In primo grado era stata pronunciata, con lettura in udienza del dispositivo e delle concise motivazioni in fatto ed in diritto, una sentenza non definitiva e contestualmente era stata pronunciata ordinanza con la quale si disponeva del prosieguo del giudizio, ivi comprese le attività istruttorie.

Il datore di lavoro, soccombente rispetto alla sentenza non definitiva, aveva fatto riserva di appello con dichiarazione resa non nella medesima udienza in cui erano state pronunciate la sentenza e i provvedimenti opportuni, ma in quella immediatamente successiva, svoltasi anteriormente alla scadenza del termine per impugnare.

Rimasto poi soccombente anche sulla sentenza definitiva, il datore di lavoro proponeva appello contro entrambe le pronunce, risultando parzialmente vincitore nel giudizio di gravame.

Il lavoratore proponeva ricorso per cassazione, articolando, tra gli altri, un motivo relativo alla pretesa violazione dell’art. 340 c.p.c. per non aver la corte di appello adita ritenuto tardiva la proposizione della riserva di appello.

SOLUZIONE
[1] La Corte è stata chiamata astabilire se, pronunciata sentenza non definitiva in udienza mediante lettura del dispositivo e delle ragioni di fatto e di diritto ex art. 429 c.p.c., la fase processuale in cui il giudice dispone per la prosecuzione del giudizio possa considerarsi «la prima udienza dinanzi al giudice istruttore successiva alla comunicazione della sentenza stessa» ai sensi e per gli effetti di cui all’art. 340 c.p.c.

La Corte si esprime negativamente, ritendo tale fase quale parte della «medesima udienza». 

QUESTIONI
[1] La pronuncia in commento risolve anche alcune questioni preliminari, rilevanti di fini della decisione.
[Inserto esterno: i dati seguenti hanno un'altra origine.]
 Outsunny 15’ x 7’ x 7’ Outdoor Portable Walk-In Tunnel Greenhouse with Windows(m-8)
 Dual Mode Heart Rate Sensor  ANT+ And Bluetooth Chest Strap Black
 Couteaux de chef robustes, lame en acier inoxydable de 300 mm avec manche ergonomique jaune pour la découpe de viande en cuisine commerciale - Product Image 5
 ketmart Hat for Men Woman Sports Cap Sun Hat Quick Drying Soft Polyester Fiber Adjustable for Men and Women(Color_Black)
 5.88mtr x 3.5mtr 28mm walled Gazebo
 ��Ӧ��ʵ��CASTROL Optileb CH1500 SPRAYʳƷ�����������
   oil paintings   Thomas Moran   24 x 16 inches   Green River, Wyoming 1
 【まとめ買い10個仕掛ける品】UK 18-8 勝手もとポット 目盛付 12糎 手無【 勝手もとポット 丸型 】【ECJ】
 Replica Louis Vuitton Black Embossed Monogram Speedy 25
Va ricordato infatti che l’udienza entro cui va fatta riserva è quella successiva alla «comunicazione» della sentenza (art. 340 c.p.c.).

Assume rilievo, dunque, anche la problematica dell’onere di comunicazione della sentenza pronunciata in udienza.
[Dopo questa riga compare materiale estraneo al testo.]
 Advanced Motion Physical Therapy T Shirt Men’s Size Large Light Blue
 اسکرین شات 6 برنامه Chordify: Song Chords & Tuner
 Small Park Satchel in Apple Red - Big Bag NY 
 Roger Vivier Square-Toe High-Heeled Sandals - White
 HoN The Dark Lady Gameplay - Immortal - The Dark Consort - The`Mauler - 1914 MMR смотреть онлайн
Al riguardo, la Corte si pone dichiaratamente in linea con l’orientamento maggioritario in materia di esonero dalla comunicazione nelle ipotesi di lettura della sentenza in udienza. Secondo tali pronunce il provvedimento letto in udienza deve ritenersi conosciuto, con presunzione assoluta di legge, dalle parti presenti o che avrebbero dovuto essere presenti all’udienza destinata alla discussione ex art. 281 sexies c.p.c. (Cass., 24 luglio 2007, n. 16304; Cass.,28 febbraio 2006, n. 4401; Cass., 21 settembre 2006, n. 20417; Cass. n. 17665 del 2004; e da ultimo, Cass. n. 22659 del 2010).

I principi consolidati in materia di rito ordinario di cognizione sono estesi anche al rito del lavoro ed al meccanismo di decisione di cui all’art. 429 c.p.c.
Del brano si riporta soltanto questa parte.